Configuring the database to ensure that individuals can access their own records and data administrators cannot easily access sensitive information.

   However, the presence of the three dimensions (Respondent, Owner, and User) makes the correct privacy controls more difficult to apply. Context defines the boundaries of acceptable data disclosure and certain contexts, such as healthcare records, demand both respondent and data owner types of privacy. The problem comes in how to create privacy controls that are appropriate for boundary setting across more than one type of context.

Cross-Context Privacy Controls

   Where cross contextualisation of privacy concerns are an issue it is possible that additional disclosure protection may be required. The transfer of sensitive data can be protected by layering these additional data level protections onto the output(s) of a database query.

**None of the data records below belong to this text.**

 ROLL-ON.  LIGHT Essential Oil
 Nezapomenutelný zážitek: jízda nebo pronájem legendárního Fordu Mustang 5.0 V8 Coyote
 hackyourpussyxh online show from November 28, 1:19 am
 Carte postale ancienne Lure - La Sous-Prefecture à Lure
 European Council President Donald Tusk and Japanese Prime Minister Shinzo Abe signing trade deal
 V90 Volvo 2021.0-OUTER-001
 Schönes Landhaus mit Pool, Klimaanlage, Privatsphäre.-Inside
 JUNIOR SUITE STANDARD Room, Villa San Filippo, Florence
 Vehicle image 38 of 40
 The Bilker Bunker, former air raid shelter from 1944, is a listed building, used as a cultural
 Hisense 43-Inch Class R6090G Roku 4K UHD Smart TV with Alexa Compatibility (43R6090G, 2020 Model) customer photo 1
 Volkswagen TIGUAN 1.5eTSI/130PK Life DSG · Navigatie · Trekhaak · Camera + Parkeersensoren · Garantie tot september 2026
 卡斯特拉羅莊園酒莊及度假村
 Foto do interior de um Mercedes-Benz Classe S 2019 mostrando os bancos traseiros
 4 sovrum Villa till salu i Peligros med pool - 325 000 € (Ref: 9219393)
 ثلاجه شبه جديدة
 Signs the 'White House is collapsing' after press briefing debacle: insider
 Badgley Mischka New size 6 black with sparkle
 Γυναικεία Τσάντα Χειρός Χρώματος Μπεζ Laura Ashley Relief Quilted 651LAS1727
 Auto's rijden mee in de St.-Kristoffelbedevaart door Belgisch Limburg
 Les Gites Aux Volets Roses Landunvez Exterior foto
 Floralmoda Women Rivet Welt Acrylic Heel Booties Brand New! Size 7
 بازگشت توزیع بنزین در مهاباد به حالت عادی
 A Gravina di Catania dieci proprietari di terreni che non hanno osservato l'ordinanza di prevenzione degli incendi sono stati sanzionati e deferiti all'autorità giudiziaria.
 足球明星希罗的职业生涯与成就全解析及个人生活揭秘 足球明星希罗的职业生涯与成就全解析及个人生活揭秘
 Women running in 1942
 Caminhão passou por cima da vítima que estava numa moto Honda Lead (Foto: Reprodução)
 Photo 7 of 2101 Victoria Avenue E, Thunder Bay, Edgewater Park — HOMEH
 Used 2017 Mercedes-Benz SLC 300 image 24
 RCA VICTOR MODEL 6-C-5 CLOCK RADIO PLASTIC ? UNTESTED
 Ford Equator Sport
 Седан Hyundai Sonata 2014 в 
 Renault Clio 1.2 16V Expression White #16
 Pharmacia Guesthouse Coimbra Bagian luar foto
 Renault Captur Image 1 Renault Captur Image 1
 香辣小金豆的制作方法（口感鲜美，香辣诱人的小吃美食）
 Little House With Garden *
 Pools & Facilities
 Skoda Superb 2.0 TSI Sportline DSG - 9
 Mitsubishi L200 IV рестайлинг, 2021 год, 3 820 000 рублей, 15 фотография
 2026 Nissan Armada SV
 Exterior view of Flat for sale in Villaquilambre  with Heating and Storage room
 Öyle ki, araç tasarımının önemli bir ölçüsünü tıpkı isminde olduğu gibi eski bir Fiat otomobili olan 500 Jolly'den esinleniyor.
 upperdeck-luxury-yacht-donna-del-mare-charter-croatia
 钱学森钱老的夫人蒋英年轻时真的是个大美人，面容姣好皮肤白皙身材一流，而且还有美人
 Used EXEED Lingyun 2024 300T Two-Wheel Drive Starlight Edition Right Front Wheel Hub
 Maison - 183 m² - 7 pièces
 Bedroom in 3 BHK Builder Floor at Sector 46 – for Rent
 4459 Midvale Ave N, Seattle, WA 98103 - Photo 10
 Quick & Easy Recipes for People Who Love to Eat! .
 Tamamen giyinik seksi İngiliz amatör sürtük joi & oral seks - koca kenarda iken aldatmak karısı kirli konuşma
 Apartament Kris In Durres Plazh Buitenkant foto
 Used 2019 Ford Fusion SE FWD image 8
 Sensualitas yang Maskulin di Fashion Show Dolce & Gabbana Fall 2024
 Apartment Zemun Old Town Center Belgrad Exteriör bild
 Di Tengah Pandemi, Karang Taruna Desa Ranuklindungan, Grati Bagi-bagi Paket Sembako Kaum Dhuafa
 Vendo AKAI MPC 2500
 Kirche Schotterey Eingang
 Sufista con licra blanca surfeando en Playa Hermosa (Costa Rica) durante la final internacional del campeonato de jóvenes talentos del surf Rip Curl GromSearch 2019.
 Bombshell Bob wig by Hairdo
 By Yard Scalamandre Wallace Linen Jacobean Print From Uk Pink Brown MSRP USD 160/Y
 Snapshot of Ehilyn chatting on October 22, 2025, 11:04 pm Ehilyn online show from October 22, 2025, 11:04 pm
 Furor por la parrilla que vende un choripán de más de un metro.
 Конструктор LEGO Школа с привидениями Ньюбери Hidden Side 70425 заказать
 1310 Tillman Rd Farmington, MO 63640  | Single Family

Protection Level Method Related Articles Drawbacks
Highest Encryption

symmetric or asymmetric

‘Gold Standard’ protection

Encryption Key matching; Processing overhead; Key management
Anonymisation

Strong Identity Protection

k-anonymity Not applicable to all data sets; re-identification risk; need to know data shape
Pseudonymisation

‘Golden mean’ Protection

Pseudonym service needed; quality assurance; user management
Lowest Masking

Basic Protection

Dynamic Data Masking Key Matching; reusability in large/ complex sets

   For example, data protection using K-anonymity could be used to provide both respondent and owner privacy, and when combined with Private Information Retrieval could provide an implementation of all three privacy protection dimensions.

Summary

   When dealing with privacy issues in databases the guardians of the shared data store should first ask ‘Who is the privacy control here to protect?’ Answering this will suggest some of the sharing  data implementations that are presented here.

   Having answered the first question, the second question should aim to answer the question ‘How are the data protected across contexts ?’ The answer to the second question should give clarity on implementation data controls to protect the data from disclosure where multiple contexts are likely to be in play.

References:

[1]: Domingo-Ferrer, J. and Torra, V., 2008, March. A critique of k-anonymity and some of its enhancements. In 2008 Third International Conference on Availability, Reliability and Security (pp. 990-993). IEEE.

[2]: Barth, A., Datta, A., Mitchell, J.C. and Nissenbaum, H., 2006, May. Privacy and contextual integrity: Framework and applications. In 2006 IEEE Symposium on Security and Privacy (S&P’06) (pp. 15-pp). IEEE.